## [Problem]
Quote every line of the data below as it stands, omitting pictures.

## [Dataset content]
- - - -

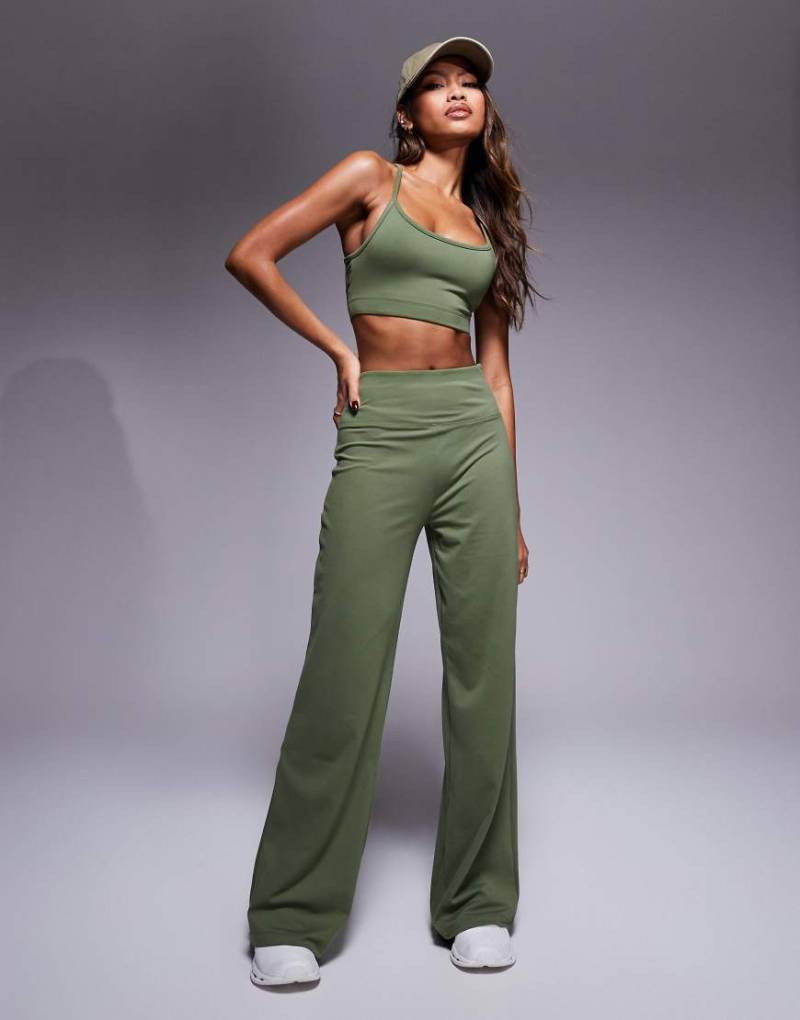 4505 - Icon - Weiche Tanzhose in Khaki mit weitem Bein-Grün von 4505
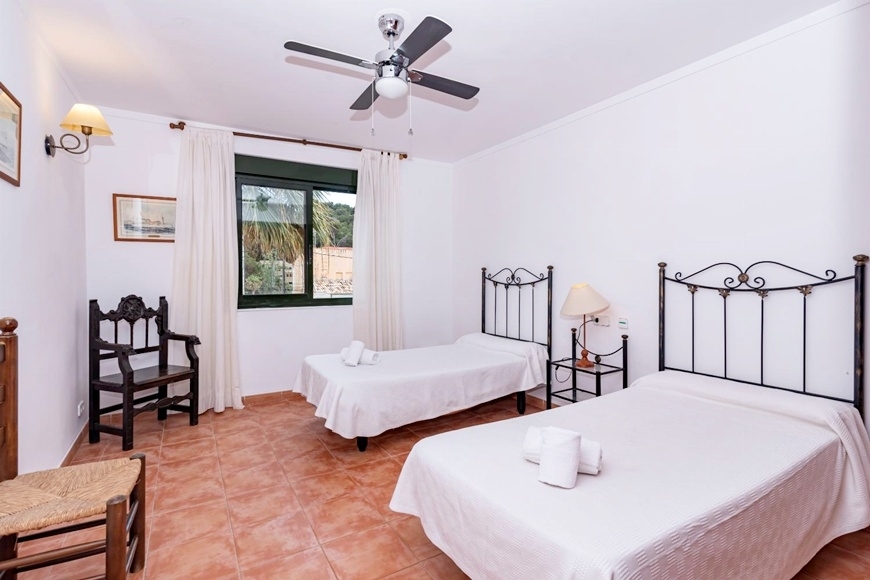 VILLA CALA SAN VICENTE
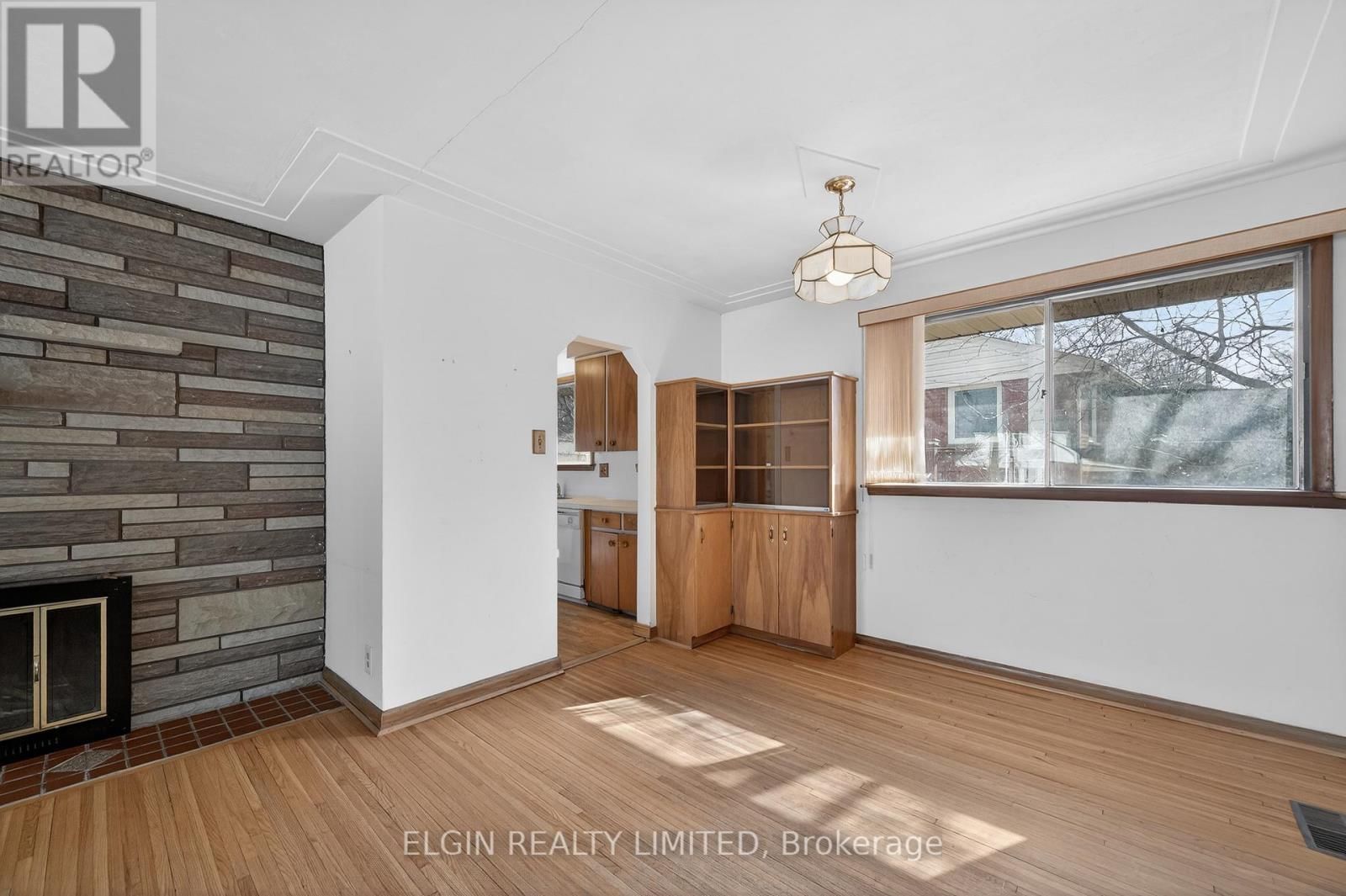 8 ERMATINGER STREET Image 9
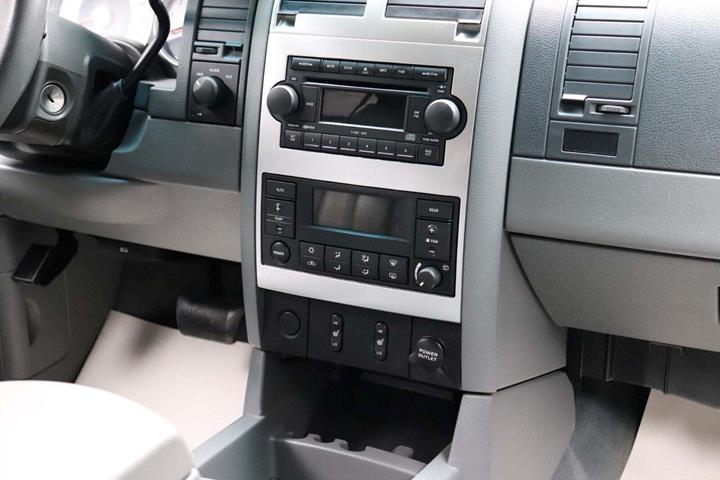 Blå Dodge Durango fra 2005 set indefra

- - - -

## [Task output]
 4505 - Icon - Weiche Tanzhose in Khaki mit weitem Bein-Grün von 4505
 VILLA CALA SAN VICENTE
 8 ERMATINGER STREET Image 9
 Blå Dodge Durango fra 2005 set indefra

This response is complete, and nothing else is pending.